The last major patent reform was nearly 60 years ago. Since then, U.S. innovators have developed cell phones and launched the Internet. And yet the laws protecting the technologies of today are stuck in the past. We need a system that ensures patent certainty, approves good patents quickly and weeds out bad patents effectively.
The America Invents Act (H.R. 1249) brings our patent system into the 21st Century. It has broad support from industry leaders, academic institutions and independent inventors. The bill passed out of the House Judiciary Committee by a vote of 32-3. And similar legislation overwhelmingly passed the Senate by a vote of 95-5.
As former Attorney General Michael B. Mukasey recently wrote, H.R. 1249 is both “constitutional and wise.”
The bill adopts a first-inventor-to-file standard to reduce frivolous litigation over patent ownership. This provision actually returns us to a system similar to what our founders created and used: first- inventor-to-register. This switch creates certainty over patent ownership, which is critical for inventors seeking to raise capital, grow their businesses and create jobs.
This provision protects independent inventors from companies by limiting costly litigation over patent ownership that independent inventors often lose. It costs anywhere from $400,000 to $500,000, according to the patent office, to pursue an interference proceeding — claiming the right to a patent based on an earlier invention. As The New York Times recently pointed out, “Most small inventors don’t have that kind of money. Big corporations do.”
H.R. 1249 also helps weed out bad patents that the PTO admits should never have been approved. The mistakes occurred in the late 1990s following a federal court ruling that created a new class of patents called business-method patents. The PTO was ill-equipped to handle the flood of business-method patent applications that followed the ruling. Few examiners had the necessary background and education to understand the inventions and lacked information regarding prior art. As a result, the PTO issued some weak patents that have led to frivolous lawsuits.
Section 18 of the bill establishes a pilot program that allows the PTO to reexamine a limited group of questionable business-method patents.
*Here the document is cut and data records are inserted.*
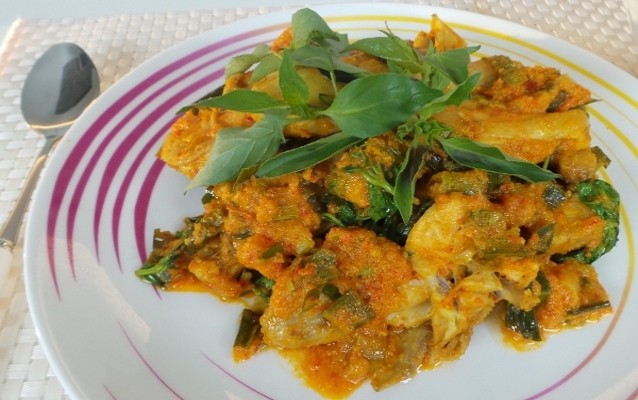 Sedapnya Ayam Masak di Buluh dan Woku Balanga!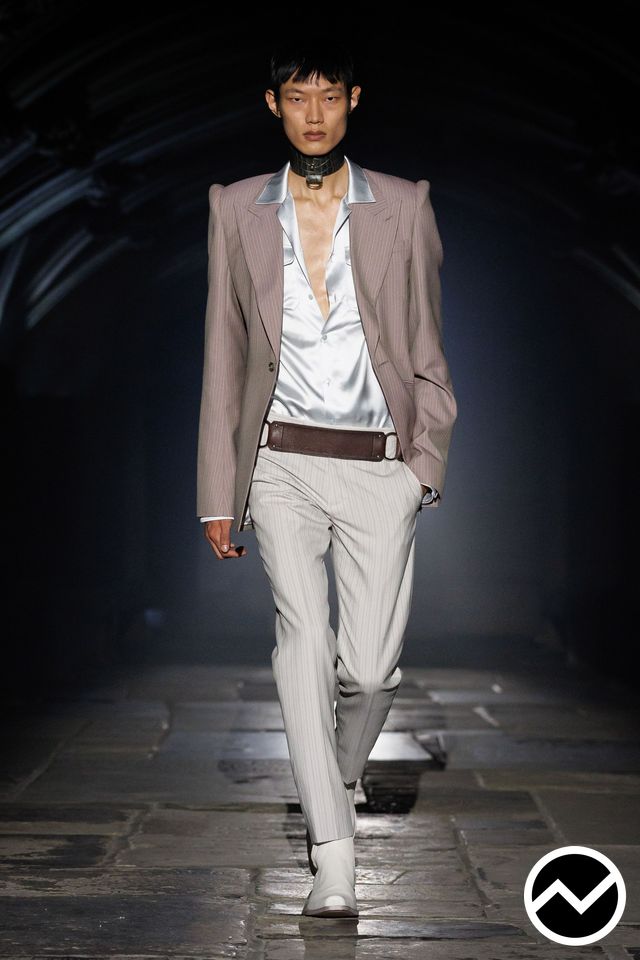 Mcqueen, SS27 menswear, Mauve, look 3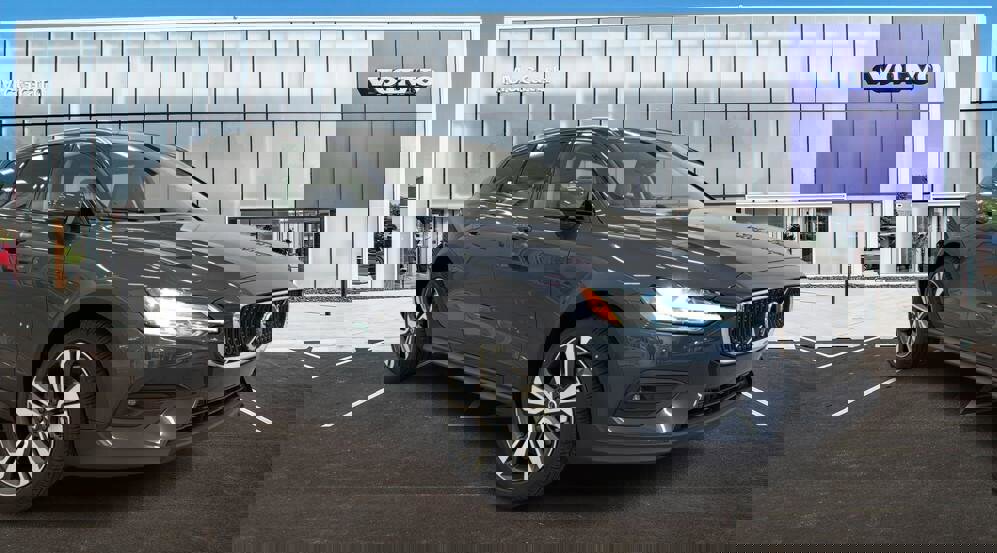 New 2026 Volvo V60 B5 Cross Country Plus w/ Protection Package Premier
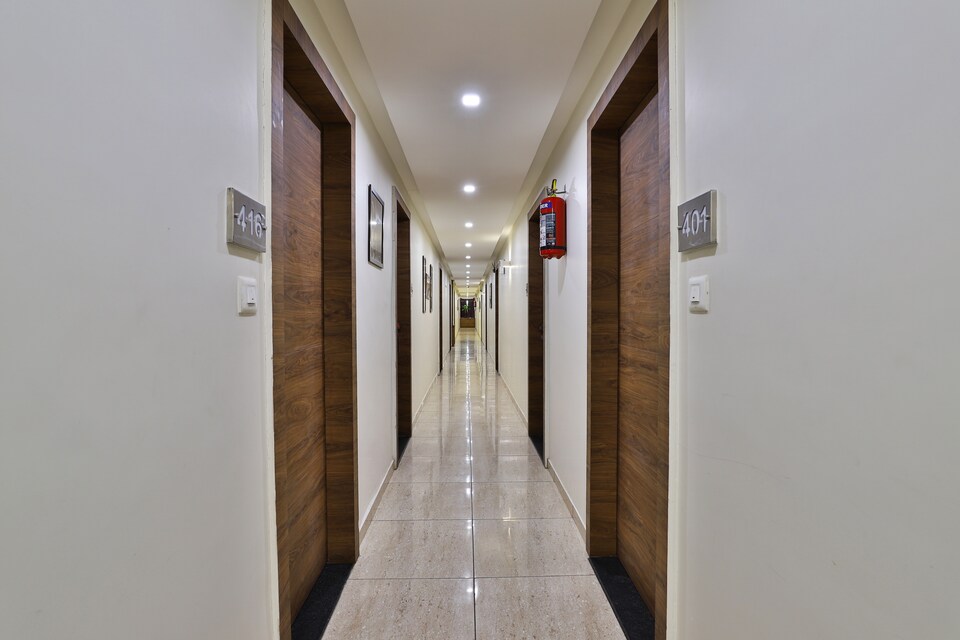 OYO 8484 Hotel Royal Residency, Sama Vadodara, Vadodara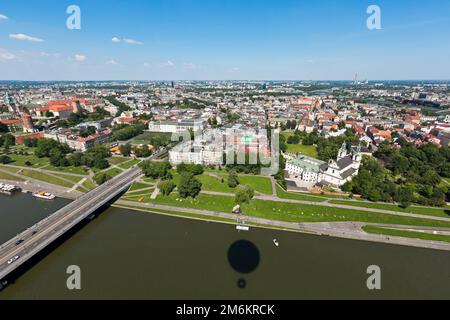 Genießen Sie einen Blick aus der Vogelperspektive auf die Stadtlandschaft von Krakau Stockfoto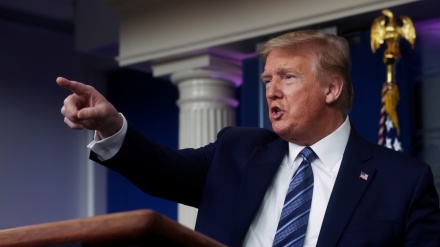 特朗普对伊朗成功发射第一颗“Noor-1”军用卫星的反应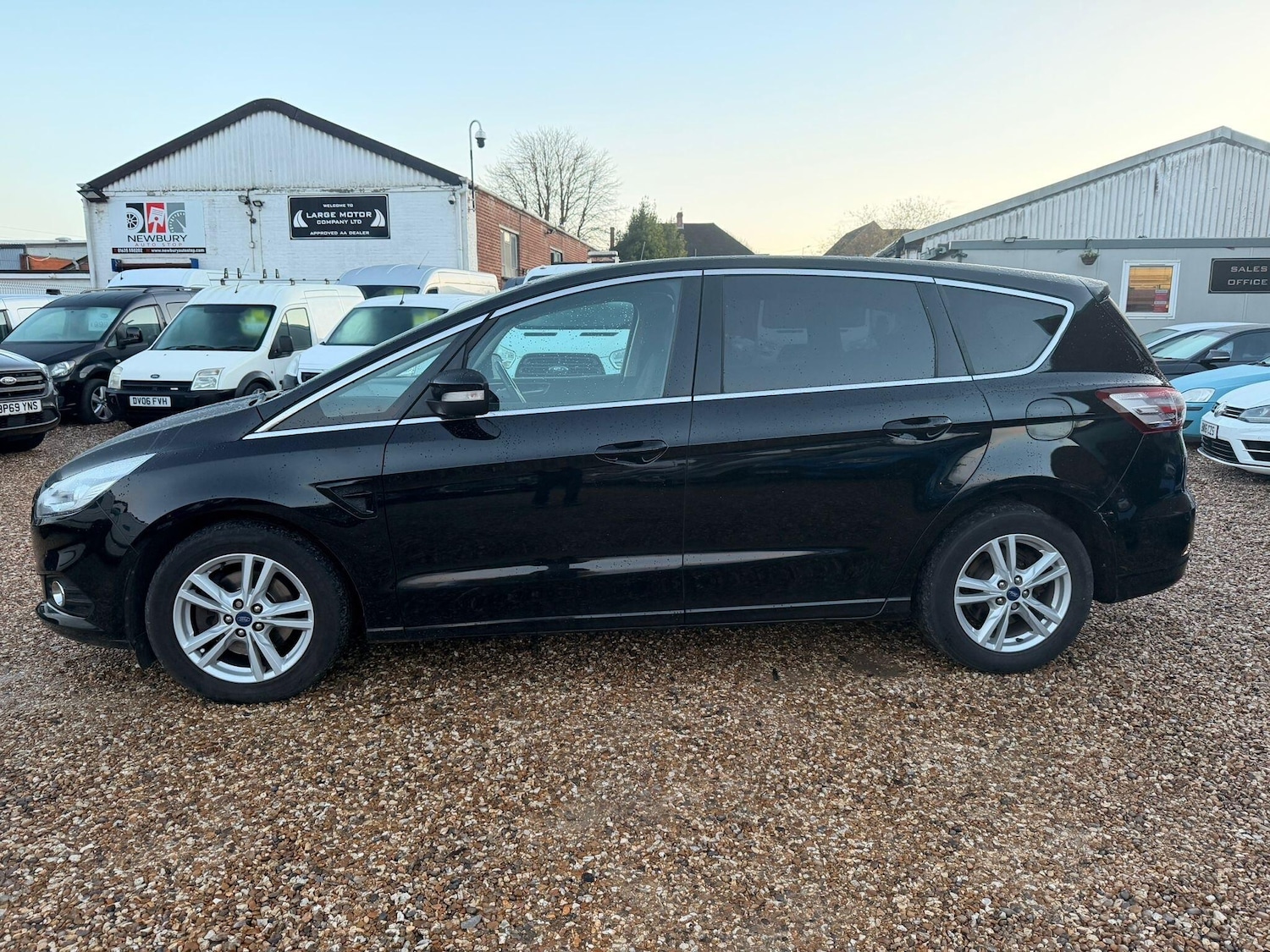 Used Ford S-Max 2017 for sale - 76824609: Photo 6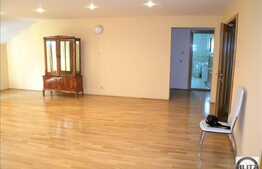 Inchiriere spatiu de birouri, 150 mp, in casa vila, zona Calea Turzii. Parcare!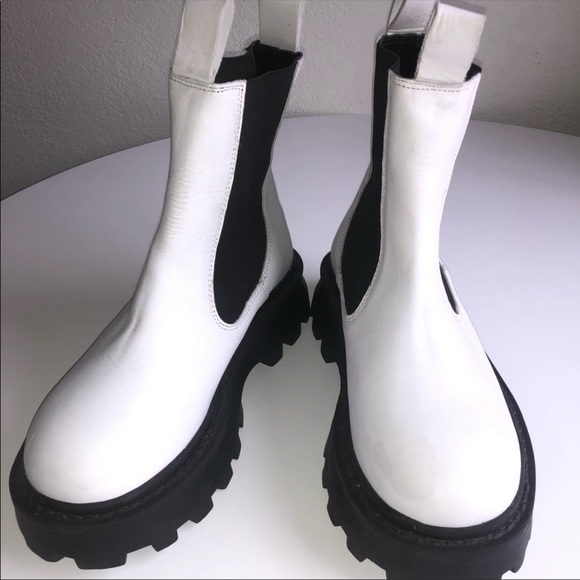 SIMON MILLER BOOT IN MACADAMIA PATENT 
SCRAMBLER - Picture 5 of 10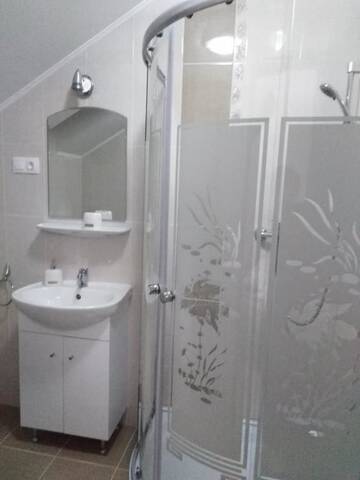 Фото номера Номер с кроватью размера «king-size» Гостевой дом Casa Banc г. Байле-Уну-Май 32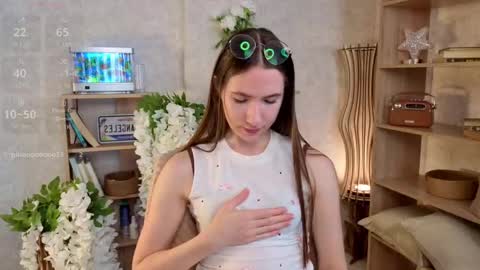 Josie Manesi online show from 09-18-25, 06:15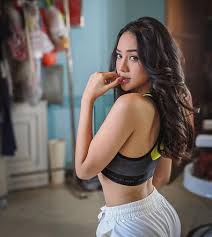 She has two million followers on twitter and 6.7 million followers on her instagram page. Maria Vania And Anya Geraldine Are Both Wearing Sports Bras So Tempting Okezone Bola Archyde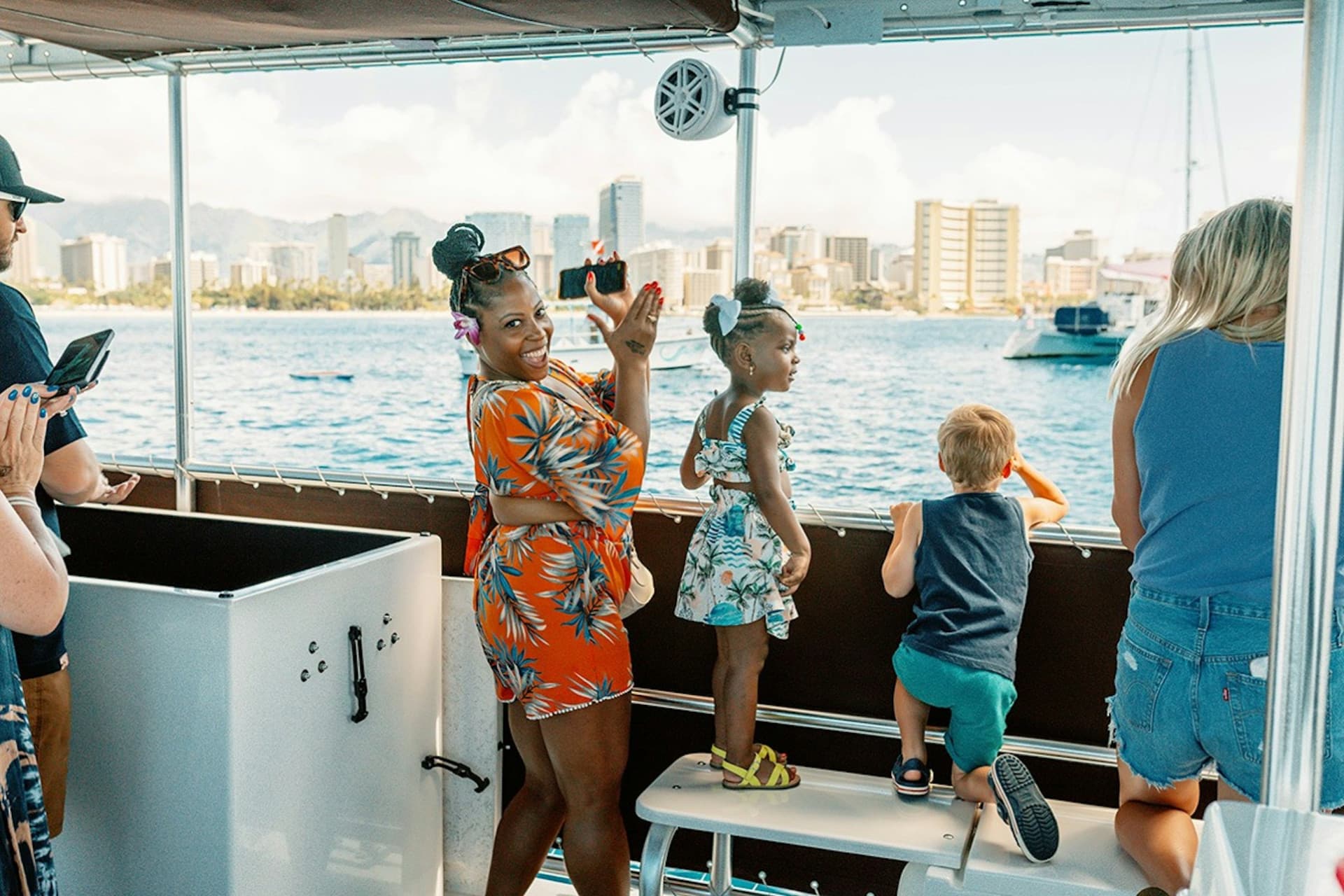 Waikiki: Daytime Glass Bottom Boat Tour - تصویر 3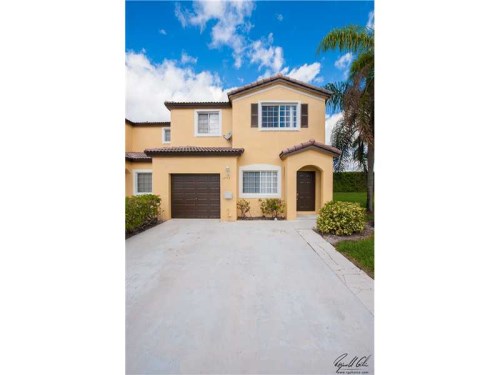 1705 SW 101 # 1705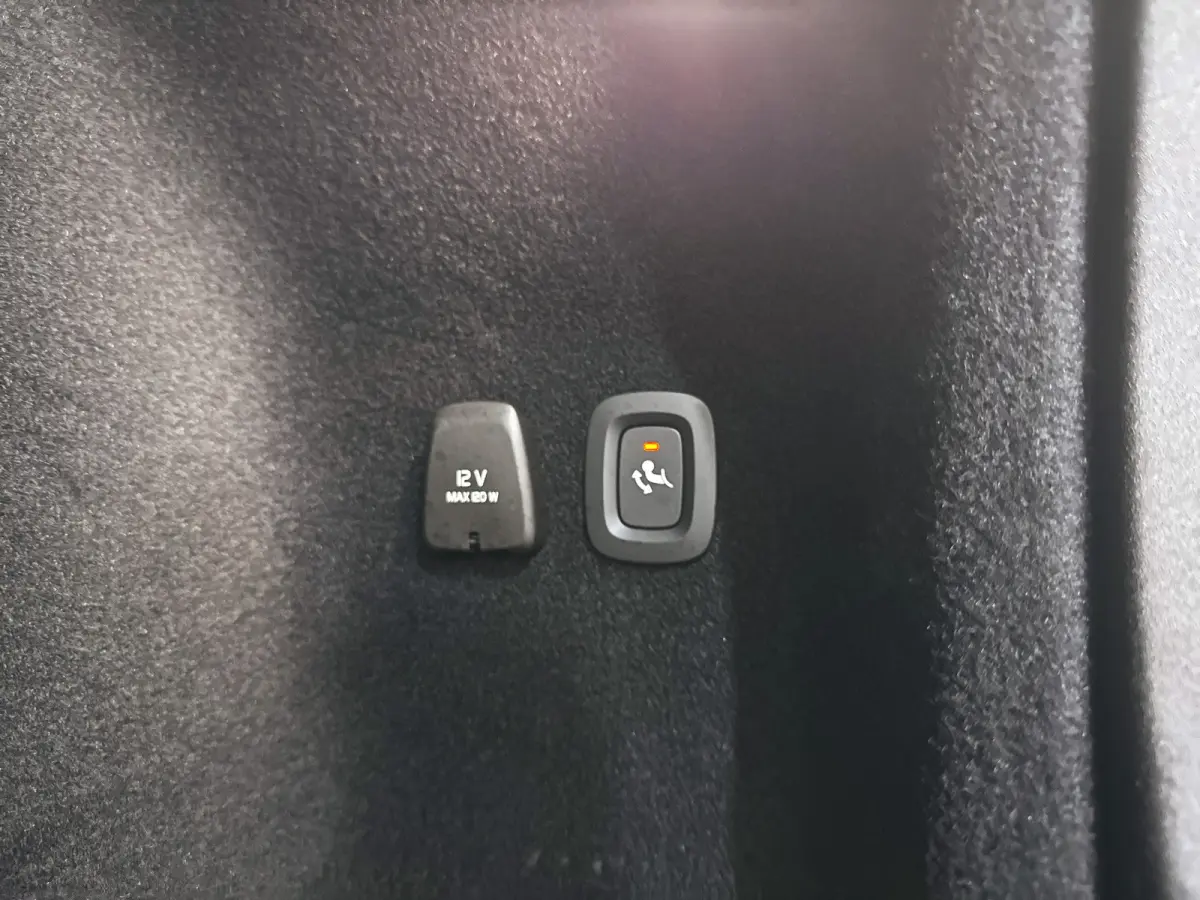 T8 Plug-in hybrid AWD Plus Dark | SOH 100% | Panoramadak | 360° camera | Head-up display | Harman Kardon | Stoel- en stuurverwarming | Trekhaak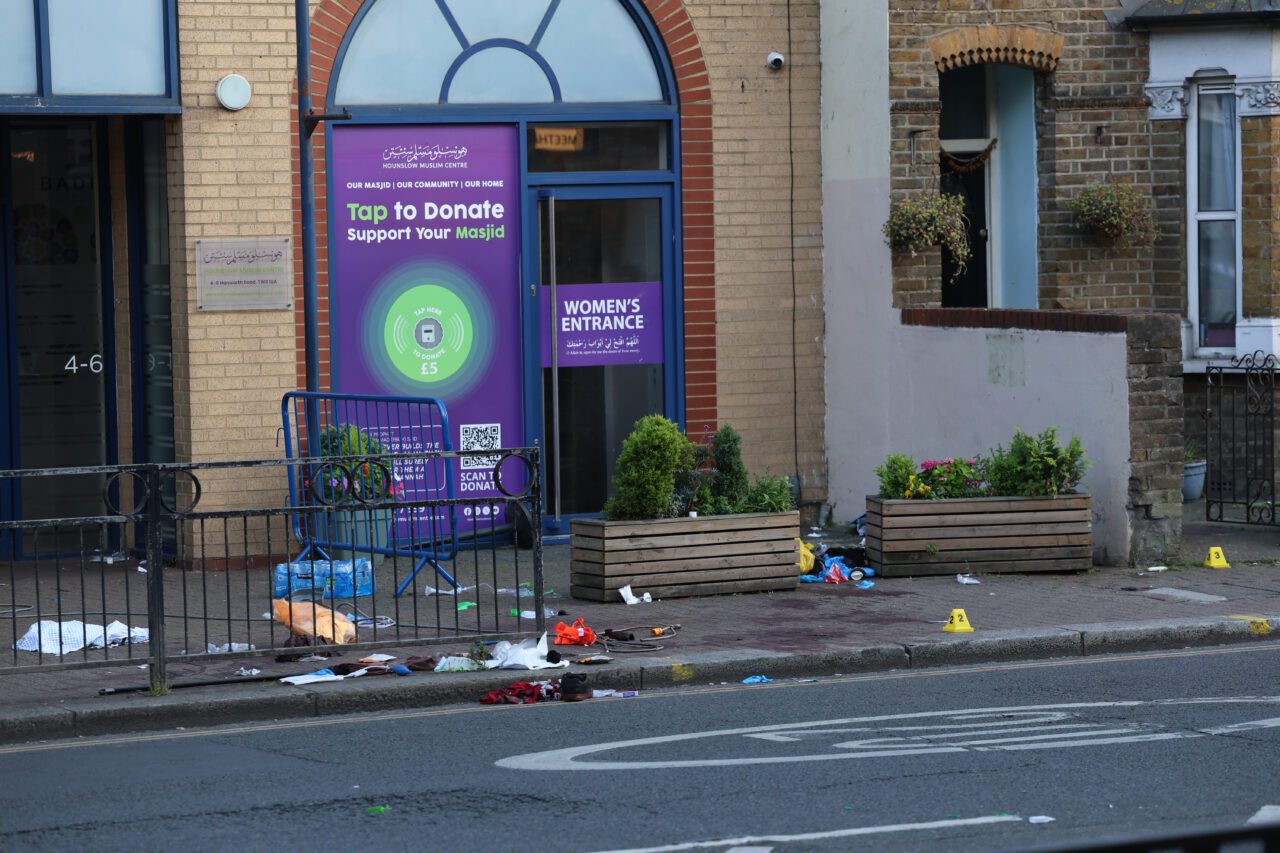 Daylight Stabbing Shocks Hounslow: Two Men Arrested After Fatal Attack Near Muslim Centre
If someone is being sued by a business-method patent holder, that individual can petition the PTO to review the patent in question using the best prior art available.
Bad patents that never should have been issued will be eliminated. Good patents that pass muster under this scrutiny will have even stronger legal integrity. This isn’t favoritism; it is a fair result for all parties.
H.R. 1249 also puts an end to fee diversion and ensures consistent funding of the PTO to help address the current backlog of patent applications. The PTO collects fees for services provided to independent inventors and businesses applying for patents. But rather than retaining the fees it collects, the money is diverted to other federal programs. Since 1992, nearly $1 billion has been diverted from the PTO.
The new language negotiated by the Judiciary and Appropriations Committees ends fee diversion by creating a fund for fees collected by the PTO. The money in the fund will be reserved for and used by the PTO and only the PTO. This maintains congressional oversight, while making sure that fees collected by the PTO can no longer be diverted.
Allowing the PTO to retain the fees it collects means more patent examiners to help make sure good patents are approved more quickly. And that means more products for American consumers and more jobs for American workers.
Rep. Lamar Smith (R-Texas) chairs the House Judiciary Committee and is the author of H.R. 1249, the America Invents Act.